BEGIN Data for this exercise

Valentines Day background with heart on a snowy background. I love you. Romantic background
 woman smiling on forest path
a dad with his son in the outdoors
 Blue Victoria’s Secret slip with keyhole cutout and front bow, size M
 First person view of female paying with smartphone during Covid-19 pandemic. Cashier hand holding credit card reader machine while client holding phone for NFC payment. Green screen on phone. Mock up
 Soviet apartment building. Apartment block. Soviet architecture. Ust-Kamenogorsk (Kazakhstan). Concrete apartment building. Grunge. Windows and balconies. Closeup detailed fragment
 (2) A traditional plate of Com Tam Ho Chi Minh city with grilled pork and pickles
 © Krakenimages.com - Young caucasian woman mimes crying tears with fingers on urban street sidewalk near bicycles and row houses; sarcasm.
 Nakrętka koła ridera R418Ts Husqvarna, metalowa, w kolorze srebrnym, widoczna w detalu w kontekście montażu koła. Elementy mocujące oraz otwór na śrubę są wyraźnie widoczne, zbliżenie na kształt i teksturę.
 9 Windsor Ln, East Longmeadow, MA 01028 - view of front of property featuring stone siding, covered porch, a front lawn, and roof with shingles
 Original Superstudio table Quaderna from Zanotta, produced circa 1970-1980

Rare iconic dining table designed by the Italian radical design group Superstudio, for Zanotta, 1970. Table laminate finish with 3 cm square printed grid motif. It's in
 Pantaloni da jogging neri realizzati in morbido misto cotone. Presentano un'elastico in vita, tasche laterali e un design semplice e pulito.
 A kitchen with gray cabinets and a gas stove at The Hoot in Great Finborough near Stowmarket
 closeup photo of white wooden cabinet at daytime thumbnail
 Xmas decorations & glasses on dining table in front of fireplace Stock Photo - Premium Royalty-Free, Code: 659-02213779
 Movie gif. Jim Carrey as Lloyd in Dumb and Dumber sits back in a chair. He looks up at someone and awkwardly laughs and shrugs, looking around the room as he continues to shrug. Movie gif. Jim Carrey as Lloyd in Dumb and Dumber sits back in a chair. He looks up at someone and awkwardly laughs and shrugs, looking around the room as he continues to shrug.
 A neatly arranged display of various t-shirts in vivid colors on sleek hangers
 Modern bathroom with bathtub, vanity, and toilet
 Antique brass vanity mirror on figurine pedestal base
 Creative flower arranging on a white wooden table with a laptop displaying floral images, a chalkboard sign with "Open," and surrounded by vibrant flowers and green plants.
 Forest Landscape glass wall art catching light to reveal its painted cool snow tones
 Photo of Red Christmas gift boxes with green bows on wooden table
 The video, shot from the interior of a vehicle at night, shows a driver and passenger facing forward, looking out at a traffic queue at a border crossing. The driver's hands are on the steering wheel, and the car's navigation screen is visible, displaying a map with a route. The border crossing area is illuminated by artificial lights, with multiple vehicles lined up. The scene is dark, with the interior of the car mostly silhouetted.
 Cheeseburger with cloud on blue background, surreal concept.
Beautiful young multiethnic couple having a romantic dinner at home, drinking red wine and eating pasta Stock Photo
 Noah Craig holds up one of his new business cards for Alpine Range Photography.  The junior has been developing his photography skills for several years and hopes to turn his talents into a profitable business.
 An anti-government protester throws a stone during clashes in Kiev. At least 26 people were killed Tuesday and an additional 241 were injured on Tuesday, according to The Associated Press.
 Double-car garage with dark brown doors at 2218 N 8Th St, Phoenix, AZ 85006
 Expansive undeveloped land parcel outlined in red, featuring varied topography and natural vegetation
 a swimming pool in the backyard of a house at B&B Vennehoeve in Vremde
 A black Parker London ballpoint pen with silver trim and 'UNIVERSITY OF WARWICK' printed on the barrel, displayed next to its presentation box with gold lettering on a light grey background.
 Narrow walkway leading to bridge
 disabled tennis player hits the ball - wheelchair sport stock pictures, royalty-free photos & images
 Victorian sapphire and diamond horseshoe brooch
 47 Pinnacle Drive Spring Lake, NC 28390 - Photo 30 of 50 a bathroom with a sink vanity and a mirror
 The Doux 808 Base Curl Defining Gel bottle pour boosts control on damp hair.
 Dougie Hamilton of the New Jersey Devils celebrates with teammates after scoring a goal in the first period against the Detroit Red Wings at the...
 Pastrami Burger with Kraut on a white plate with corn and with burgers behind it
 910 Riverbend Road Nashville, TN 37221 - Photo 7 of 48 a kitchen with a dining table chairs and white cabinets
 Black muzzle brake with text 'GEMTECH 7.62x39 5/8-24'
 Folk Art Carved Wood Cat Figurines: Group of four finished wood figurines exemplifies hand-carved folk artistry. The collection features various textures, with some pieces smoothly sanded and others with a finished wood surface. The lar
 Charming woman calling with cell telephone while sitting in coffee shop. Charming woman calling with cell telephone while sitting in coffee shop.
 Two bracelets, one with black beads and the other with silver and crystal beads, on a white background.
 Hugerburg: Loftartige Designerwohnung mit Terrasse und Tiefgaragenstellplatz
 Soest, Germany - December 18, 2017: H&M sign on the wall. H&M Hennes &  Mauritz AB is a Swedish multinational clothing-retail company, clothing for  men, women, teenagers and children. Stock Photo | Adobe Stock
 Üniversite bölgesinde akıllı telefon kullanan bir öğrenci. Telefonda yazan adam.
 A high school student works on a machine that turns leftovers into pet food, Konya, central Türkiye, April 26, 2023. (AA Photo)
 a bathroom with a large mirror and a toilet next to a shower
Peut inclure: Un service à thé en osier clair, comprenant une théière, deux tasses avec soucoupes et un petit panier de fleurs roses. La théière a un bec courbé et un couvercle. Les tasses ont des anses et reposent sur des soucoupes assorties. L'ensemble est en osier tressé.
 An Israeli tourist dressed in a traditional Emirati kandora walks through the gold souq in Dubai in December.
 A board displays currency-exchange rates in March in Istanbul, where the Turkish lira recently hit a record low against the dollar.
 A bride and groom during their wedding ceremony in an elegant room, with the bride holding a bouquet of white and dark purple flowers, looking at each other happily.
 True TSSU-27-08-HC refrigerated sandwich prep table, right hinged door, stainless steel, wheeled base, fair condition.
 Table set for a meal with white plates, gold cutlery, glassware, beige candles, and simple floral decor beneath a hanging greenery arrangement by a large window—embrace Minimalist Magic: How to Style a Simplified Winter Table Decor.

END Data for this exercise

The problem:
Ending with the line containing "Pantaloni da jogging", please print exactly the lines of the material above from its first line onward, and nothing else.

Solution to this exercise:
Valentines Day background with heart on a snowy background. I love you. Romantic background
 woman smiling on forest path
a dad with his son in the outdoors
 Blue Victoria’s Secret slip with keyhole cutout and front bow, size M
 First person view of female paying with smartphone during Covid-19 pandemic. Cashier hand holding credit card reader machine while client holding phone for NFC payment. Green screen on phone. Mock up
 Soviet apartment building. Apartment block. Soviet architecture. Ust-Kamenogorsk (Kazakhstan). Concrete apartment building. Grunge. Windows and balconies. Closeup detailed fragment
 (2) A traditional plate of Com Tam Ho Chi Minh city with grilled pork and pickles
 © Krakenimages.com - Young caucasian woman mimes crying tears with fingers on urban street sidewalk near bicycles and row houses; sarcasm.
 Nakrętka koła ridera R418Ts Husqvarna, metalowa, w kolorze srebrnym, widoczna w detalu w kontekście montażu koła. Elementy mocujące oraz otwór na śrubę są wyraźnie widoczne, zbliżenie na kształt i teksturę.
 9 Windsor Ln, East Longmeadow, MA 01028 - view of front of property featuring stone siding, covered porch, a front lawn, and roof with shingles
 Original Superstudio table Quaderna from Zanotta, produced circa 1970-1980

Rare iconic dining table designed by the Italian radical design group Superstudio, for Zanotta, 1970. Table laminate finish with 3 cm square printed grid motif. It's in
 Pantaloni da jogging neri realizzati in morbido misto cotone. Presentano un'elastico in vita, tasche laterali e un design semplice e pulito.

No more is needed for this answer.